Hott-Nutts settles down to the tedious job of heating up the corner of that thick bar to make it more pliable. It is only made of mild steel, but the chunky mass was quickly ‘sinking’ the heat away. The first attempt involved welding the jig bar to the old cut-plate and bending to fit. But not only was the weld breaking off, there was a risk of deforming the original cut out plate and losing the radius, which would negate the whole point of the exercise.

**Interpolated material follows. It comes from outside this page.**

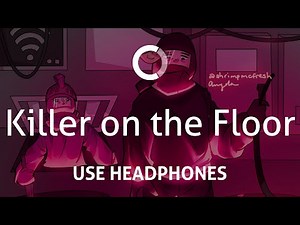 NerdOut - Killer on the Floor (Among Us Rap Battle) (8D)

George wisely adjusts the center line to get the radius right. The jig is going to be screwed on with high tensile bolts through the reamed rivet holes, with all the depot heavy weights such as myself, Robbie, Aidan, Warren, James, Jeremy and Victor – hanging on some long cheaters. Those bolts are going to SQUEAK that plate into place.
We will use the bolts to hold the finished plate in for welding and will then do the riveting. It means when those rivets contract, the plates are already compressed so we’ll get a seriously good seal.
Alan Lawton got involved with operating the press, which meant the work piece wouldn’t cool down too much between operations. George would only have to focus on the mandrel and work piece and not on the awkwardly placed direction valve and relief valve.
Although Alan is generally a sedate and careful worker, George still had to take special care as that press suddenly and unpredictably moves up to an inch when changing direction. George does love steam but would rather not sacrifice any of his distal phalaxes to the loving nip of the press.
Switching from a small block to a cylindrical mandrel made the job easier. But with everything blistering hot, George really had to take care not to grab by instinct. The sizzling hot jig bar is smartly put against the original patch plate, before the heat works its way through the gloves!. The jig was so hot that the oil film on the mandrel was starting to smoke during pressing!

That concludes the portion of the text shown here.